BACKGROUND OF THE INVENTION

1. Field of the Invention

The invention relates to a dunnage bar system that can be used as a swing bar or a dunnage bar. Besides the product, the invention also includes the method by which the product is made.

2. Background Art

The word “dunnage” is an old sailing term for material placed between cargo to prevent shifting and avoid damage to ships and cargo. Today, dunnage, often in the form of jacks, pipes and supports, etc. is used to support loads and prop tools and subassemblies up off the ground.

Dunnage bars may form part of a rack for transporting various parts and subassemblies, such as door panels, hoods, decklids, etc. (collectively “components” herein). Conventionally, such racks include a frame and a number of transverse bars supported on the frame. The racks can be deployed in the parts manufacturer's plant and then shipped to the assembly plant by air, truck or train. These racks can also be used to move components within the plants.

When a laden rack is shipped, it can be subjected to sudden stops and starts that subject the dunnage bar to severe impact. Accordingly, the bar must be strong enough to withstand the weight of the parts and the impact without permanent change to its shape. Ideally, the bar must withstand impact with minimum twisting or bending without affecting its performance and useful life.

Dunnage bars are generally made out of aluminum or steel. The cost of an aluminum bar exceeds that of a steel bar. Due to its recyclable properties, the aluminum bar is subject to theft. Steel bars are generally heavy and are susceptible to corrosion. Further, steel bars are generally not sufficiently flexible. When stressed beyond a yield point, they permanently deform.

Conventional dunnage bars are secured at their ends to a rack by nuts and bolts. One problem (whether made of metals or composites) that has occurred with prior composite bars is that over time cracks can occur that originate from areas of stress concentration, such as bolt holes.

Among the art identified in pre-filing search are the following U.S. Pat. Nos. Des. 324,506; 4,007,837; 4,093,251; 4,238,550; 4,650,381; 4,733,781; 4,826,384; 4,911,312; 4,919,277; 4,921,100; 5,326,204; 5,378,093; 5,418,038; 5,466,103; 5,484,643; 5,511,916; 5,582,495; 5,584,624; 5,603,419; 5,605,239; 5,876,164; 5,876,165; 6,146,068; 6,164,440; 6,394,721 B1; 6,497,542 B1; 6,568,891 B2; 6,572,313 B2; 6,648,142 B1; 6,648,572 B2; 6,679,378 B1; 6,685,405 B2; 6,746,189 B2; 6,786,687; B2.

SUMMARY OF THE INVENTION

One object of the present invention is to provide a dunnage bar system which is composed of one part, is rugged and durable in use and requires no additional coatings to resist corrosion.
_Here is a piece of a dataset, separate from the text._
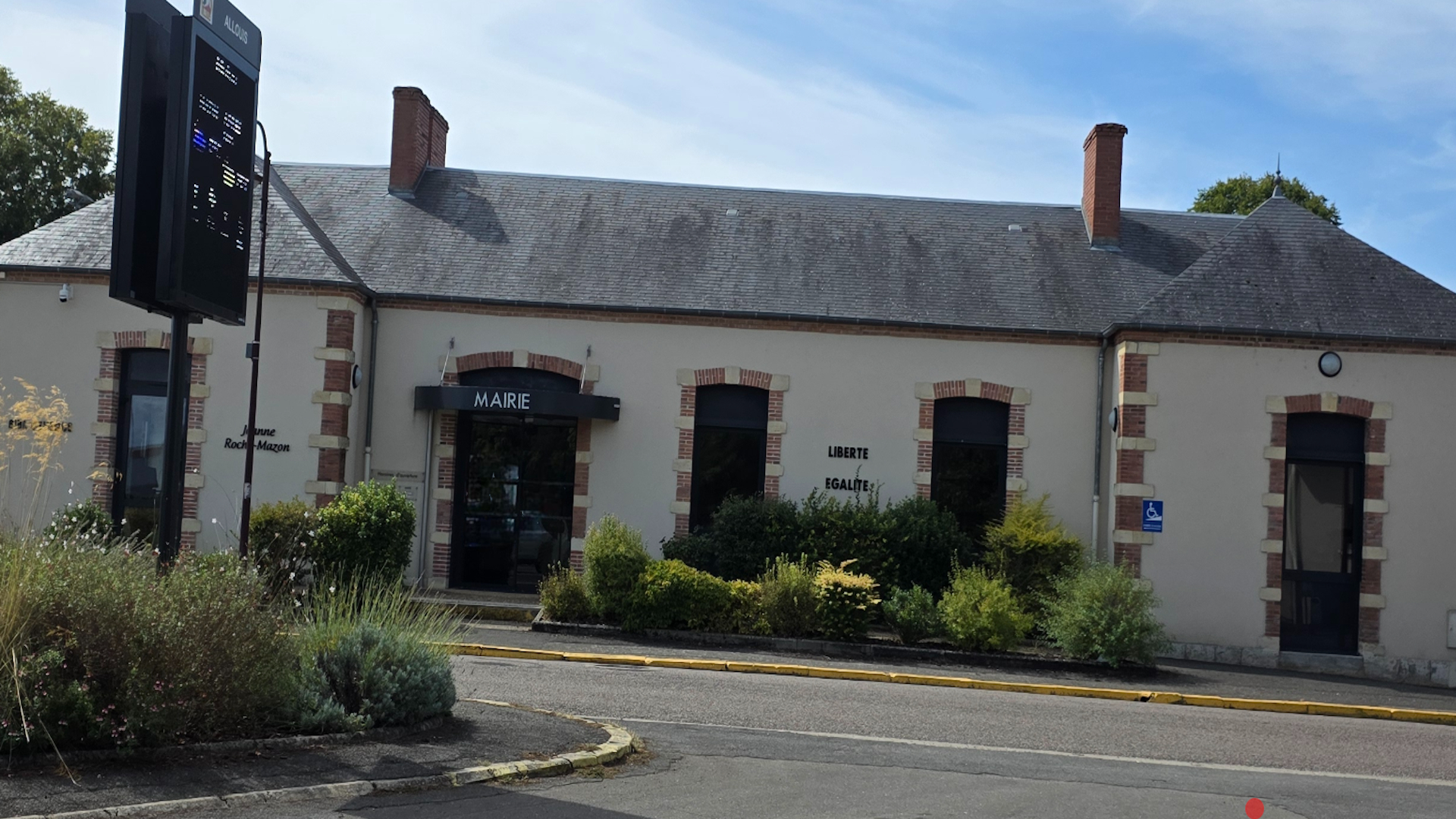 Mairie d’Allouis — vue rapprochée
Accordingly, the dunnage bar of the present invention is a one piece construction bar of a prescribed shape which requires no welding and no special finish for corrosion resistance.
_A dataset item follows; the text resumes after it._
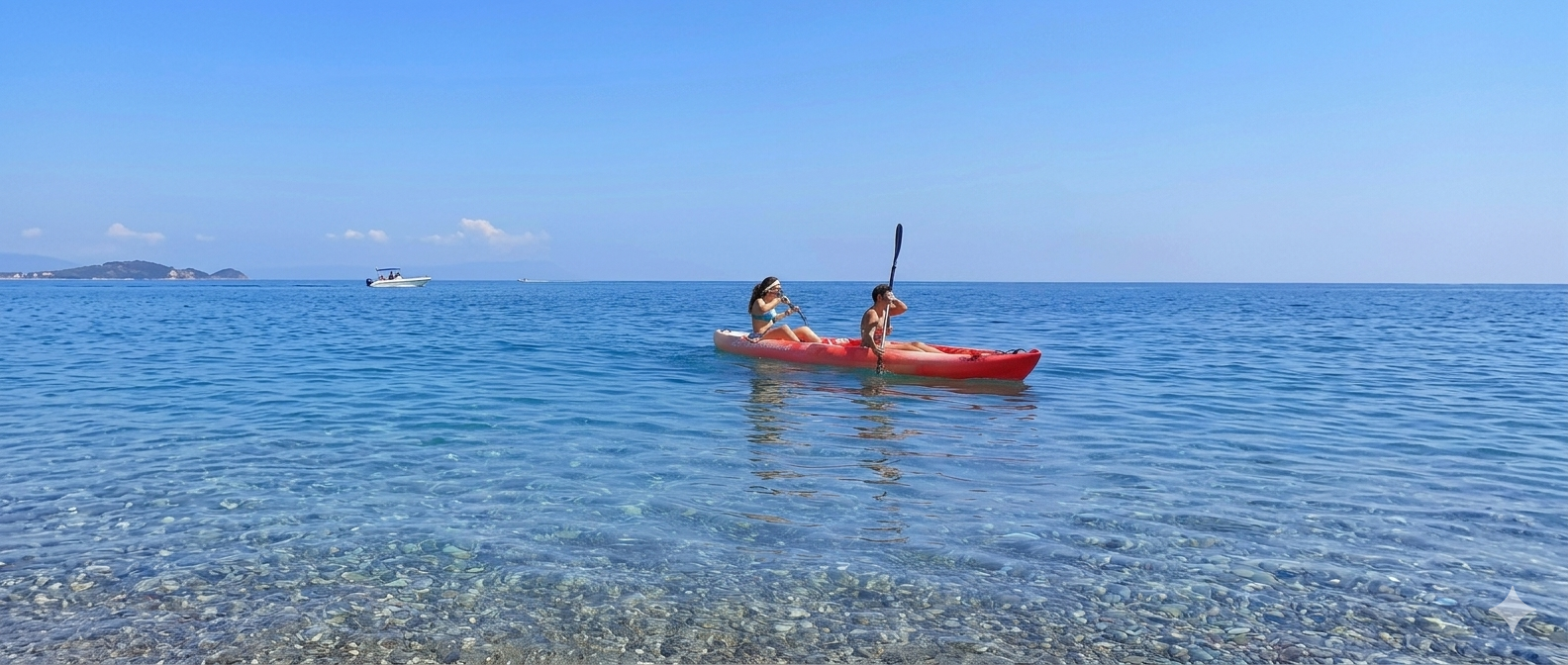 Vista panoramica della baia di Mongiove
It is another object of the invention to provide an improved dunnage bar of a composite material that replaces steel, while providing weight savings, cost savings, and ergonomic benefits.

Further, an object of the invention is to provide ways to attach the ends of the dunnage bar to the rack or to a swing arm in such a manner as to avoid creating an area of weakness. Conventionally, the dunnage bar sometimes requires counterweights when used as a swing bar to assist the operators in lifting it. Ergonomically superior due to its lower weight, the inventive composite bar eliminates the need for cumbersome, heavy and costly steel counterweights. The disclosed composite bar also eliminates operator injuries due to sharp rusted projections and sudden unplanned movement of the counterweights.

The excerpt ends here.